2. Definitions. For purposes of each of the Stockholders Agreements,
the following terms shall have the following meanings:
"GEI III" shall mean Green Equity Investors III, L.P., a Delaware
limited partnership.
"GEI III Stock Purchase Agreement" shall mean that certain Stock
Purchase Agreement, dated as of April 18, 2000, between the Company and GEI III.
"Green Entities" shall mean GEI and GEI III.
3. Waiver of Right of First Refusal. Xxxxxxx X. Xxxxxx hereby waives
his right pursuant to Section 7 of the Xxxxxx Agreement to purchase shares of
Common Stock or other securities of the Company to be issued pursuant to the GEI
III Stock Purchase Agreement.
4. Amendments to Stockholders Agreements.
(a) The word "uncertificated" in the second "Whereas" clause of each of
the Management Agreements is hereby deleted.

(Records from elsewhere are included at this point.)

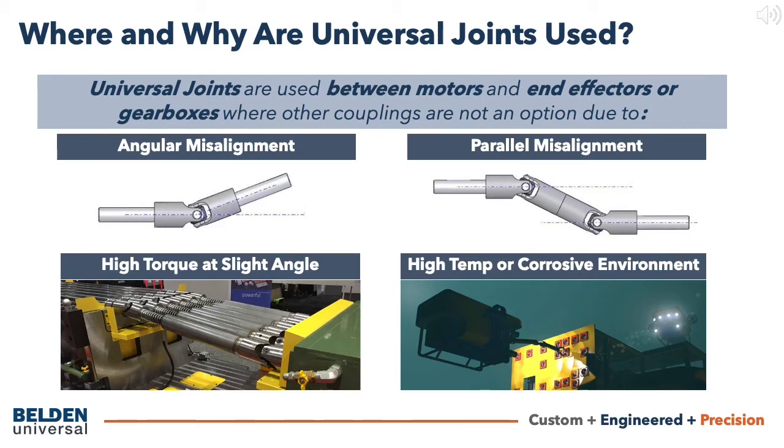Parallel misalignment often requires a double joint or a telescoping drive shaft. As an example, sometimes the motor cannot be placed in line with the outgoing shaft because there is no room, so it is plugged underneath or above the direct line of the shaft.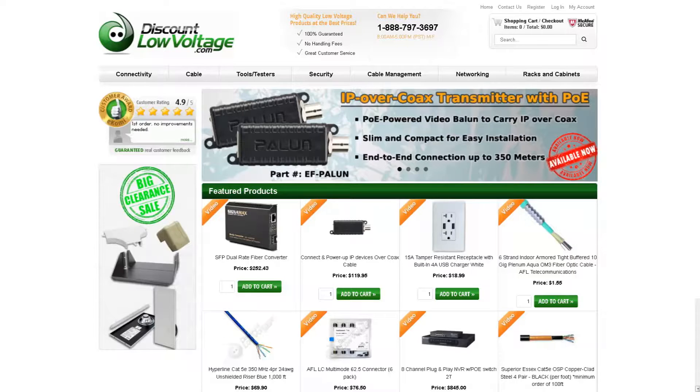To check out this and many more products, visit DiscountLowVoltage.com.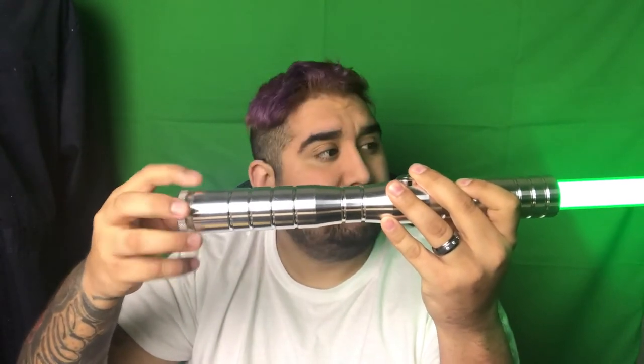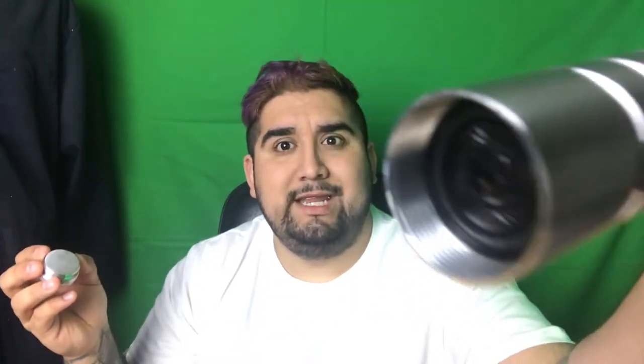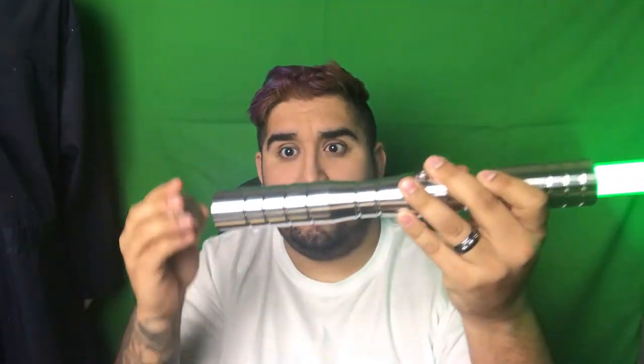So when I unscrew the pommel, you can hear it, right? But when you screw it back on, you can't hear it. So I was kind of bummed — but I wasn't, because I did get one with sound.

(b) Section 3 of the Management Agreements and Section 4, 5, 11 and 13
of each of the Stockholders Agreements are hereby amended by deleting each
reference to "GEI" in any such section and inserting a reference to the "Green
Entities" in its place.
(c) Section 4(b) of each of the Stockholders Agreements is hereby
amended by adding the following at the end thereof:
"In the event both GEI and GEI III desire to exercise such option, each
of GEI and GEI III shall have the right to purchase its Pro Rata
Percentage of the Common Stock held by the Seller, or such other
percentage as the Green Entities may mutually agree. For purposes
hereof, "Pro Rata Percentage" means that percentage represented by the
fraction, the numerator of which is the number of shares of Common
Stock owned by such Green Entity and the denominator of which is the
aggregate number of shares of Common Stock owned by the Green Entities"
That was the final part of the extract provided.